“I wouldn’t mind tasting squirrel,” my eighteen-year old son announced. We were at dinner with our neighbors and discussing the foods, some of them unusual, eaten in countries globally and regionally.
Not only did I think “yuck, not me,” but I marveled how far my boy had come. He sat across the table from me tucking into spicy chorizo sausage and a bowl of beans as we shared a meal typical for the area of Columbia our friends are from.
This was the child I thought would never graduate beyond chicken nuggets.
It may seem unfair to have such little faith in your child and your own parenting skills, but if you’re a mother, you’ve no doubt experienced the same.
If you’re in the thick of it right now, take heart. Your child will not always be a picky eater.
Keep inviting your child to open his or her mouth, to taste, and discover many foods are good.
We can apply this lesson to ourselves, whatever our circumstances.
We need to continually open our eyes and see that trusting God is good, even if we’ve had faith in him for a long time. God has got your back—I wrote about David’s experience a while ago—even when things don’t go as planned.

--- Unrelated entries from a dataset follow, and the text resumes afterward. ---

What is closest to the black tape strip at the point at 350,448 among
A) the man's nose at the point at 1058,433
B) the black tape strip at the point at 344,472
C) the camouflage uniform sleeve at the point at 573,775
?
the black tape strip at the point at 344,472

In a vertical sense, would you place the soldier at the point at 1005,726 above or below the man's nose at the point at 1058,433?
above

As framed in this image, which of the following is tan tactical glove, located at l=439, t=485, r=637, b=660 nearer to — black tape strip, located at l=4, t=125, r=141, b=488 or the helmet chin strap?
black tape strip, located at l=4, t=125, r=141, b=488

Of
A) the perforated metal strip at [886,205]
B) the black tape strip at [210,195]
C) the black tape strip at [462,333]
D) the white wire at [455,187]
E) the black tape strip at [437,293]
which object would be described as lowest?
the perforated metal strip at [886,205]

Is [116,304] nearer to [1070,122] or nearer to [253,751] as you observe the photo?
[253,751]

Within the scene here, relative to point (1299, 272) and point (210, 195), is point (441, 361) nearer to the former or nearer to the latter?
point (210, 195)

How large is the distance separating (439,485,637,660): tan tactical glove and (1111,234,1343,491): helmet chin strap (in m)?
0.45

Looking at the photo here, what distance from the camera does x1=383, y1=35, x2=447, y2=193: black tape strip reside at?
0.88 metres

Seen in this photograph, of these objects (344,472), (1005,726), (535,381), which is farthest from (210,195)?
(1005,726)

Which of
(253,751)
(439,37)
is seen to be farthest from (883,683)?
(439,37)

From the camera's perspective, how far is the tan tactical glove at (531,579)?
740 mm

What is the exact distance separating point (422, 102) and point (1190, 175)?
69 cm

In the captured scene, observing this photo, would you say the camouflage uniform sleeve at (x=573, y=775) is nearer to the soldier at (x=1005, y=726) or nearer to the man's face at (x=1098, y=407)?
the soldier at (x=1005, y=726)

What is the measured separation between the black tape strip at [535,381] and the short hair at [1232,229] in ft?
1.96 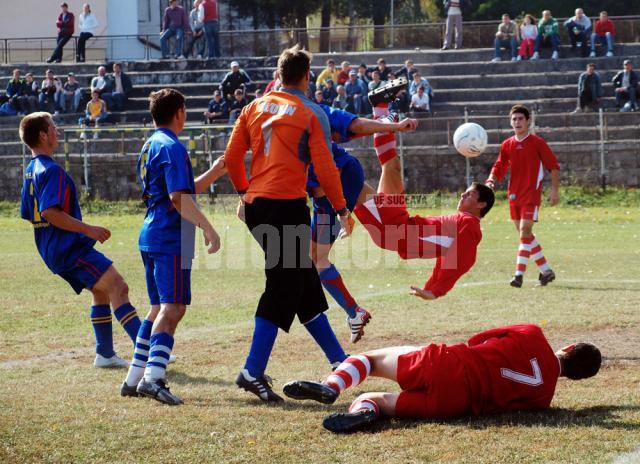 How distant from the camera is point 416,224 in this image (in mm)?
9148

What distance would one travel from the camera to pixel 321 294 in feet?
25.8

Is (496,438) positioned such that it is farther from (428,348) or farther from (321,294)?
(321,294)

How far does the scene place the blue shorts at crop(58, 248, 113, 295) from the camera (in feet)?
28.2

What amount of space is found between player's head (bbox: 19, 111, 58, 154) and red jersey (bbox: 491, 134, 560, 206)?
23.8 feet

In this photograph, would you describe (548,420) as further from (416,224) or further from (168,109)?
(168,109)

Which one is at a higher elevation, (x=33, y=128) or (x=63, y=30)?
(x=63, y=30)

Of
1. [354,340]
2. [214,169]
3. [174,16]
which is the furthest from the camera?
[174,16]

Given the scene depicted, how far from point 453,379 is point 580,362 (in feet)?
3.27

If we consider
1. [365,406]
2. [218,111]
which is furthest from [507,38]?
[365,406]

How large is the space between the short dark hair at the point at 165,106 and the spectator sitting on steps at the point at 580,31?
1037 inches

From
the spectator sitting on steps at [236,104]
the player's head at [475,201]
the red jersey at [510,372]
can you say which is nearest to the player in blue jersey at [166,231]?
the red jersey at [510,372]

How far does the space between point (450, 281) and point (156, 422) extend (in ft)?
10.0

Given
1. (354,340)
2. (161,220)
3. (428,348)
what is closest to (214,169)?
(161,220)

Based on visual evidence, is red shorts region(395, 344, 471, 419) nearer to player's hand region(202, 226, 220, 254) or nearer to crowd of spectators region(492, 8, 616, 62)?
player's hand region(202, 226, 220, 254)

I’m relearning this truth daily at the moment.
If you’ve been following my blog, you will know we’re in the throws of moving house. But, it’s more complicated than transferring our belongings from one home to another. We will have a mobile lifestyle for the next few months.
The movers took our furniture into storage at the end of last week. It’s taken me since then to decide what I need as a nomad, and what I should discard.
It’s hard condensing your life into two suitcases.
We moved into our temporary accommodation at the weekend—an Airbnb—only to find it uncomfortable and awkward. Things were not going as planned. I shed a few tears that night. Eventually we found somewhere else to stay. I could say we figured it out, but I believe God was watching out for us.
I muttered, “we must be crazy and look ridiculous” over the last few days, to my husband and myself, but I’m learning nothing is absurd with God.
Even through this upheaval, I need to get up each morning and remember to taste and see, and take refuge in God. God is good, and he’s still got my back.
Do you know God’s goodness in your own uncertainty?